Les réformes de progrès visant à déconstruire l’idée que le mariage serait l’unique institution de sauvegarde du couple et de la famille ont une histoire somme toute récente dans notre pays, depuis la loi sur le divorce née après la Révolution.
Le vote en première lecture à l’Assemblée nationale d’une loi permettant aux couples non mariés d’accéder à l’adoption en est une nouvelle étape. Il faudra surveiller l’état final du texte lors de son ultime lecture et sa promulgation, pour s’assurer de la réelle égalité qu’il entend mettre en place. Il était déjà possible, pour tout célibataire de plus de 28 ans d’adopter, depuis les années 1970.
Pour rendre équitables les procédures d’adoption, une loi ne suffit pas
Les couples homosexuels, qui pouvaient enfin intégrer les procédures d’adoption depuis le vote de la loi Taubira, ont fait l’expérience précise des discriminations qui continuent d’exister et d’être entretenues par des structures départementales et celles que les services de l’État mettent en place.
Les scandales qui ont pu être révélés, dont celui très médiatisé de la Seine-Maritime, doivent pousser à revoir de fond en comble ces procédures, la constitution des conseils de famille qui mettent en place les critères d’apparentement. Le rôle des conseils départementaux et des préfectures est donc crucial. Rappelons aussi que, dans notre pays, plus de 30 000 foyers, qui ont l’agrément d’adoption, peuvent attendre 10 années avant d’accueillir enfin un enfant. C’est un parcours très éprouvant, seul ou en couple.
Une avancée, mais des reculs entretenus
Si cette avancée est donc légitimement bien reçue, elle est en dissonance totale, hélas, avec le reste du bilan législatif de LREM toujours incapable (après bientôt quatre années) d’ouvrir à toutes les femmes la PMA, qu’il continue d’interdire aux personnes trans, de ne pas permettre d’établir la filiation par reconnaissance conjointe… Sans compter les méthodes législatives qui court-circuitent notamment les consultations d’associations, laissant planer un risque d’être retoquées par le Conseil d’État.

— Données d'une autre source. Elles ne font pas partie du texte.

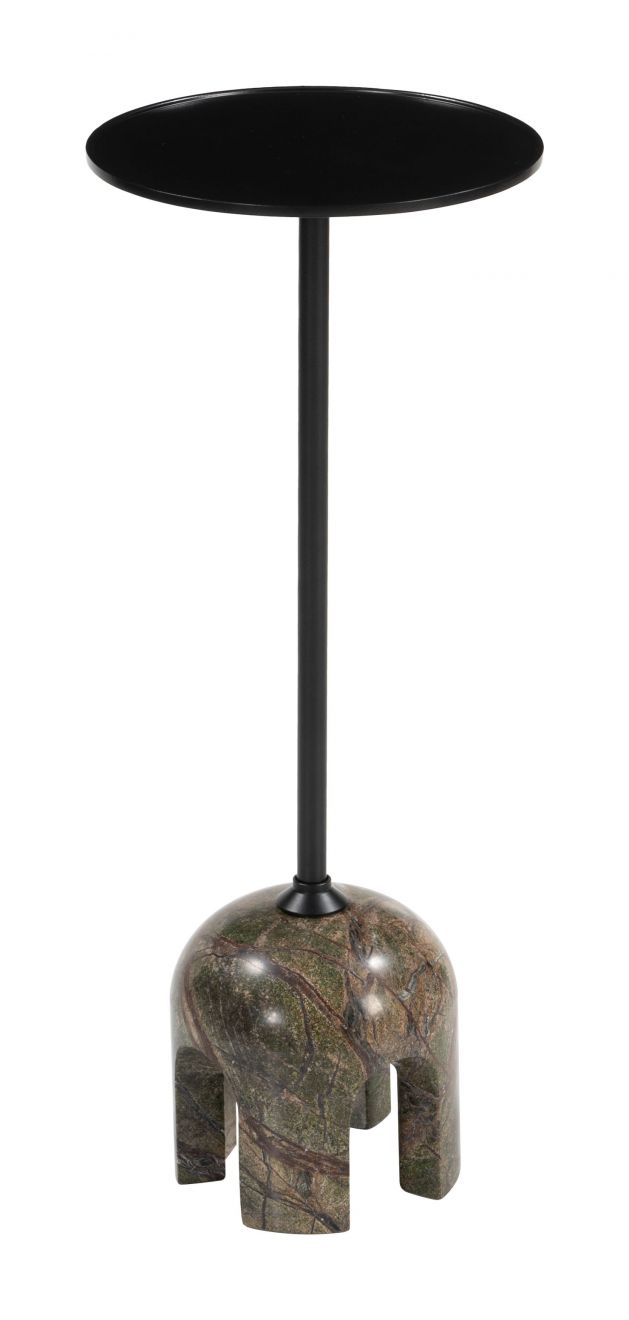 Kask Marble Base Round Side Table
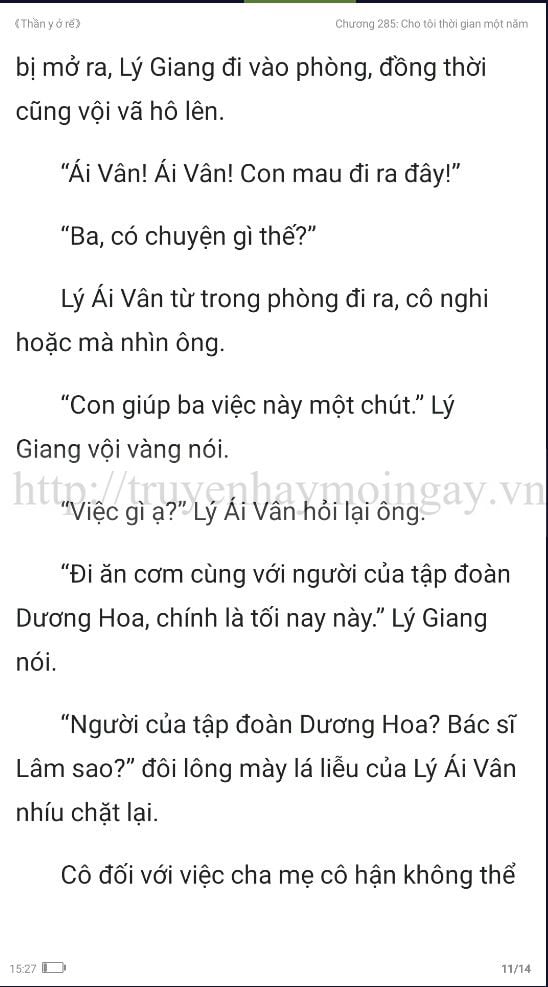 thần y ở rể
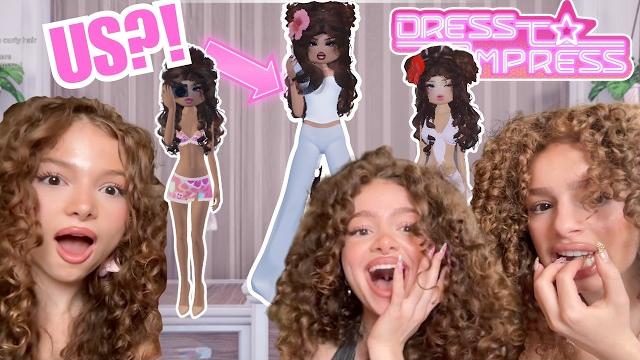 We played dress to impress roblox! We played dress to impress roblox!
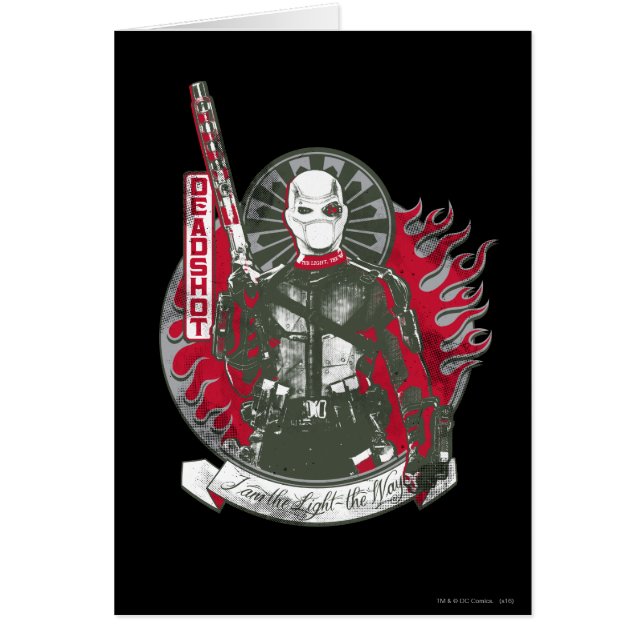 Suicide Squad | Deadshot "I am the Light" (Front)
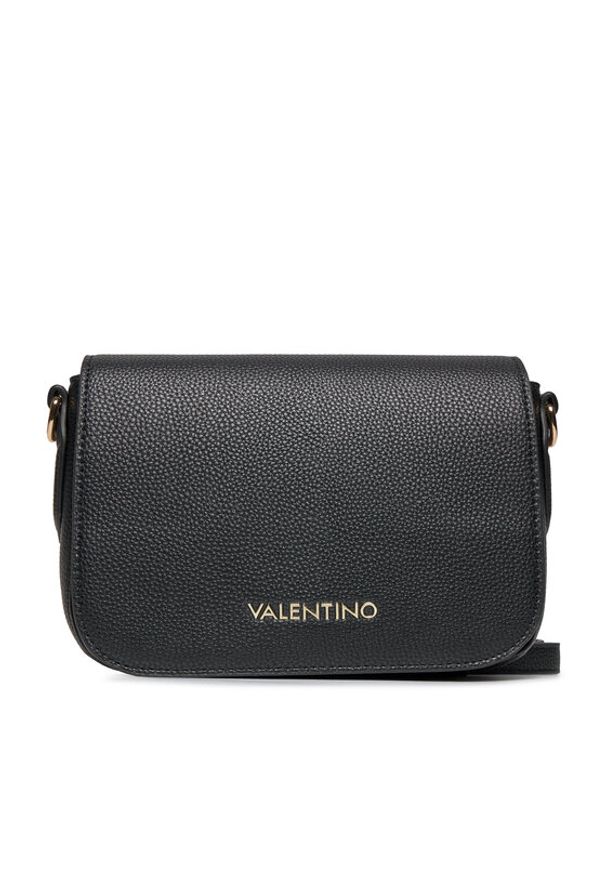 VALENTINO - Valentino Torebka Brixton VBS7LX08 Czarny. Kolor: czarny. Materiał: skórzane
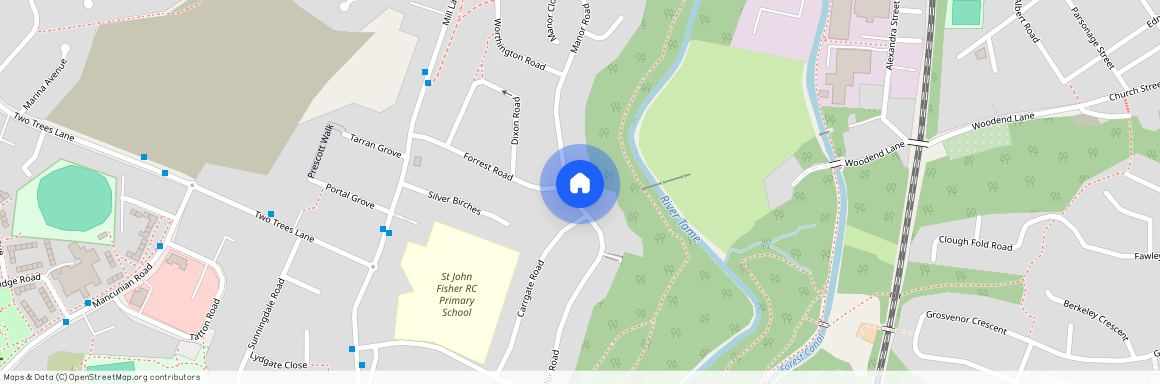Manor Road, Denton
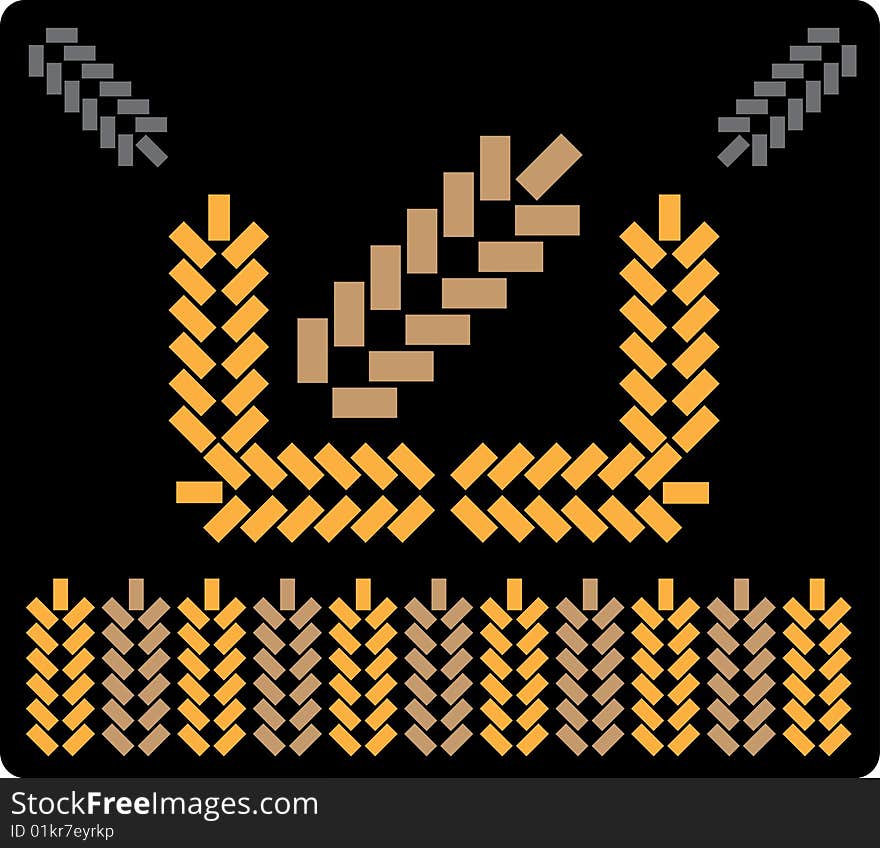 Abstract Background Brown Wheat 1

La maternité partagée, le don dirigé, la PMA post-mortem (sperme congelé) restent rejetés par LREM également. Le traitement discriminatoire inscrit dans la loi qui crée une inégalité de fait entre les couples sur la base de leur sexualité (folie législative !) impose que les couples de femmes doivent passer par une procédure que n’ont pas à réaliser les couples hétérosexuels ayant eu recours à la même technique d’aide à la procréation : la PMA.
Et cette proposition de loi visant à réformer l’adoption continue de hiérarchiser les couples, en ne permettant pas aux couples homosexuels de reconnaître leur enfant en mairie, comme c’est le cas pour tous les autres.
L’hypocrisie du président et de sa majorité LREM envers les enfants nés par GPA
Enfin, sur la large question de la reconnaissance de toutes les familles, rien n’efface le coup de boutoir scandaleux et assumé par le gouvernement, contre la reconnaissance des enfants nés par GPA, refusant notamment la transcription pleine et entière de l’acte de naissance de l’enfant, sachant qu’ils le sont de manière 100 % légale à l’étranger, d’un parent français reconnu. LREM a (encore) une nouvelle fois repoussé tous les amendements en ce sens.
Cette punition moralisatrice qui vise des enfants et leurs familles au simple motif de leur mode de conception est profondément détestable et inacceptable dans un état de droit. Il faut rappeler que la France est régulièrement condamnée par la CEDH sur cette question et que nos cours nationales (dont la Cour de cassation, plus haute instance judiciaire) ont déjà créé des jurisprudences claires pour faire enfin évoluer notre droit. LREM décide pourtant de continuer à piétiner ces décisions de justice définitives, mettant volontairement la France hors la loi et, pire encore, en fragilisant la vie quotidienne de ces enfants.
Pour prétendre être réellement progressiste, les déclarations ne suffisent pas : il faut des actes. Prétendre reconnaitre toutes les familles en en mettant sciemment de côté toute une partie, continue de créer une discrimination légale qui est insupportable, en plus d’être en infraction au regard des engagements internationaux de la France.
Cette maigre avancée ne fera pas oublier les choix désastreux intégrés dans le projet de loi bioéthique et son abandon. L’égalité n’attend pas et mérite bien mieux.